Read into a DataFrame from a parquet file.
.read_parquet_schema(source) ⇒ Hash Originally defined in module IO
Get a schema of the Parquet file without reading data.
.repeat(value, n, dtype: nil, eager: false, name: nil) ⇒ Expr Originally defined in module LazyFunctions
Repeat a single value n times.
.scan_csv(source, has_header: true, sep: ",", comment_char: nil, quote_char: '"', skip_rows: 0, dtypes: nil, null_values: nil, ignore_errors: false, cache: true, with_column_names: nil, infer_schema_length: 100, n_rows: nil, encoding: "utf8", low_memory: false, rechunk: true, skip_rows_after_header: 0, row_count_name: nil, row_count_offset: 0, parse_dates: false, eol_char: "\n") ⇒ LazyFrame Originally defined in module IO
Lazily read from a CSV file or multiple files via glob patterns.
This allows the query optimizer to push down predicates and projections to the scan level, thereby potentially reducing memory overhead.
.scan_ipc(source, n_rows: nil, cache: true, rechunk: true, row_count_name: nil, row_count_offset: 0, storage_options: nil, memory_map: true) ⇒ LazyFrame Originally defined in module IO
Lazily read from an Arrow IPC (Feather v2) file or multiple files via glob patterns.
This allows the query optimizer to push down predicates and projections to the scan level, thereby potentially reducing memory overhead.

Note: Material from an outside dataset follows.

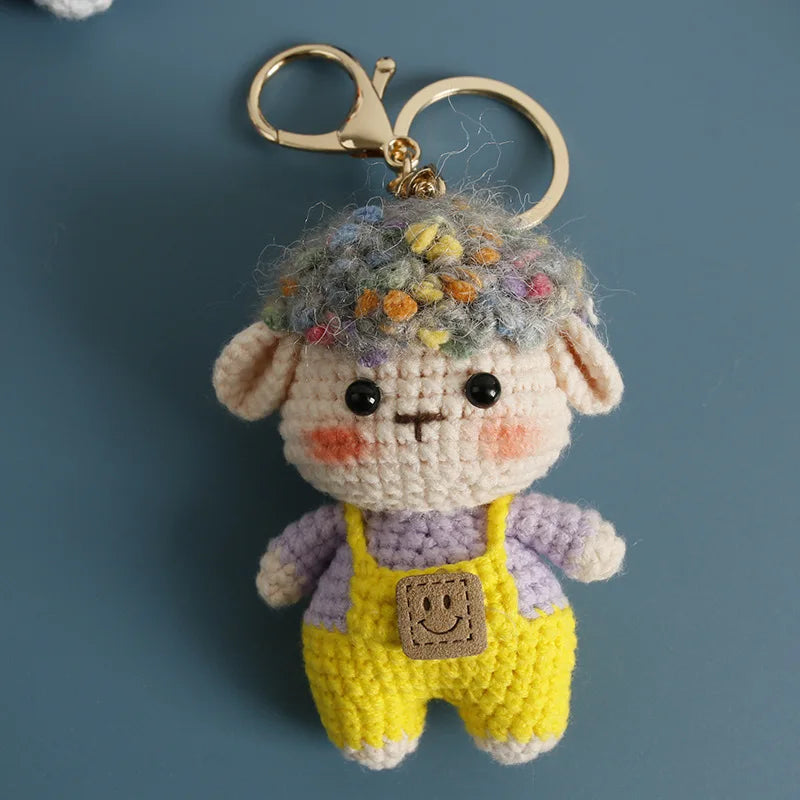 Cartoon Animal Doll Series Handmake Crochet Keychain Cute Sheep Doll Keyrings Crochet Puppy Keychains Gifts Custom Accessories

.scan_ndjson(source, infer_schema_length: 100, batch_size: 1024, n_rows: nil, low_memory: false, rechunk: true, row_count_name: nil, row_count_offset: 0) ⇒ LazyFrame Originally defined in module IO
Lazily read from a newline delimited JSON file.
This allows the query optimizer to push down predicates and projections to the scan level, thereby potentially reducing memory overhead.
.scan_parquet(source, n_rows: nil, cache: true, parallel: "auto", rechunk: true, row_count_name: nil, row_count_offset: 0, storage_options: nil, low_memory: false) ⇒ LazyFrame Originally defined in module IO
Lazily read from a parquet file or multiple files via glob patterns.
This allows the query optimizer to push down predicates and projections to the scan level, thereby potentially reducing memory overhead.
.select(exprs) ⇒ DataFrame Originally defined in module LazyFunctions
Run polars expressions without a context.
.spearman_rank_corr(a, b, ddof: 1, propagate_nans: false) ⇒ Expr Originally defined in module LazyFunctions
Compute the spearman rank correlation between two columns.
Missing data will be excluded from the computation.
.std(column, ddof: 1) ⇒ Object Originally defined in module LazyFunctions
Get the standard deviation.
.struct(exprs, eager: false) ⇒ Object Originally defined in module LazyFunctions
Collect several columns into a Series of dtype Struct.
.sum(column) ⇒ Object Originally defined in module LazyFunctions
Sum values in a column/Series, or horizontally across list of columns/expressions.
.tail(column, n = 10) ⇒ Object Originally defined in module LazyFunctions
Get the last n rows.
.to_list(name) ⇒ Expr Originally defined in module LazyFunctions
Aggregate to list.
.var(column, ddof: 1) ⇒ Object Originally defined in module LazyFunctions
Get the variance.
.when(expr) ⇒ When Originally defined in module LazyFunctions
Start a "when, then, otherwise" expression.